Il parto cesareo è sempre più praticato negli ospedali italiani fino ad arrivare a sfiorare il 40% dei parti in un anno. Un numero molto più grande della media mondiale che si aggira attorno al 20%. Ormai si potrebbe affermare che, in Italia, una donna su due partorisce con il cesareo. In alcuni casi è assolutamente necessario per il benessere della mamma e del nascituro ma, in molte situazioni, lo si pratica con troppa facilità, rendendo questo evento simile ad una qualsiasi operazione di routine.
Se ci sono problematiche legate a fattori di salute come il diabete gestazionale, una sofferenza del bimbo, una gestosi che non si riesce a curare, o un bambino che si presenta in posizione podalica, il cesareo è sicuramente la soluzione più sicura e consigliata. In tutti i casi elencati il cesareo può addirittura essere programmato in anticipo in modo che la partoriente si possa preparare all’evento. In altri casi, dove c’è un’urgenza insorta durante un parto iniziato in modo naturale, la donna non avrà il tempo di rendersene conto perché il tutto viene praticato nel modo più veloce possibile. Non è una differenza insignificante e questo lo sanno solo le madri che hanno vissuto questa situazione.
Ogni futura mamma si avvicina al momento cruciale del parto con ansia, timore, impazienza di vedere finalmente la creatura che ha portato in grembo per nove mesi.
Se nelle ultime visite e controlli insorgono dei problemi e il ginecologo opta per il cesareo, la partoriente da una parte sarà sollevata, in quanto non dovrà passare attraverso il travaglio, dall’altra potrà sentirsi “delusa” perché avrebbe voluto poter vivere fino alla fine, in maniera attiva, l’esperienza unica e irripetibile di diventare madre.
Se una donna è sottoposta ad un cesareo d’urgenza vuol dire che era già entrata nella fase del travaglio e poi per diversi motivi qualcosa non è andato come doveva.
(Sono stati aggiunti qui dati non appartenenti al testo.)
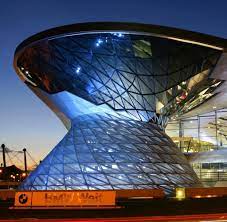 Bmw welt and the bmw museum are open to the public onwards in compliance with all applicable hygiene measures and regulations. Das Autohaus Wird Zur Digitalen Erlebniswelt Welt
Il cesareo d’urgenza potrebbe anche avvenire senza che la futura mamma sia entrata in sala parto ma per traumi, incidenti, o cause esterne che hanno fatto precipitare la situazione. In simili casi la neomamma si sentirà sollevata per il fatto che è bene tutto quello che finisce bene, e forse non si sentirà penalizzata per il mancato parto naturale perché la gioia di aver portato a termine la gravidanza, nonostante l’emergenza, prevarrà su tutto il resto.
La crisi post partum
Con questo termine non si intende la depressione post partum, che è una patologia nota e riconosciuta, ma semplicemente il trauma che la neomamma ha subito con il cesareo. Innanzitutto si tratta di un’operazione a tutti gli effetti che se da una parte ti fa saltare le contrazioni e il dolore, dall’altra te lo ridà senza sconti dopo il taglio. Sei costretta a rimanere con il catetere, la flebo e non puoi muoverti liberamente come le altre mamme, che spesso tornano con le loro gambe in camera dopo aver partorito. Tu sei costretta immobile a letto e quando ti portano il piccolo, avendo a disposizione solo un braccio (l’altro è impegnato dalla flebo), fai molta fatica a tenerlo, guardarlo e coccolarlo. Inoltre, senti l’utero che si contrae perché ovviamente deve ritornare alle dimensioni originali e questo è abbastanza doloroso, tant’è che ti danno almeno tre fiale di sedativo. Le altre mamme possono mangiare, alzarsi, lavarsi mentre tu sei lì nel letto a dieta per due giorni e ti devono lavare. Il giorno seguente ti fanno scendere dal letto e con un taglio fresco nella pancia non è assolutamente piacevole.
Questi però sono i disagi fisici che fanno parte del gioco, il vero trauma è che, per il fatto del cesareo, molti ospedali non permettono la presenza del padre in sala operatoria anche se potrebbe starti accanto ugualmente dietro la tendina. Inoltre, cosa ancor peggiore, a volte portano via tuo figlio senza neppure fartelo vedere e te lo riportano già lavato e profumato quando ormai avrai perso qualcosa di irrecuperabile: sentirlo piangere, tenerlo sul tuo corpo, sentire il suo profumo. Purtroppo si va di fretta e, anche se non ci sono problemi particolari per il piccolo, molti ospedali non tengono presenti queste esigenze più che naturali. C’è come un distacco brusco tra il bimbo immaginato, che portavamo dentro di noi, e il bambino che ci viene dato. Si deve poco a poco ricostruire questo distacco e ricreare l’intimità che abbiamo avuto per nove mesi. Inoltre, una donna può anche sentirsi mamma a metà perché non ha portato a termine il suo compito fino alla fine. Sarà solo il tempo a far capire ad ogni donna che l’essere mamma non finisce con il parto, ma si inizia ad esserlo da quel momento in avanti, che sia stato un cesareo o un parto naturale.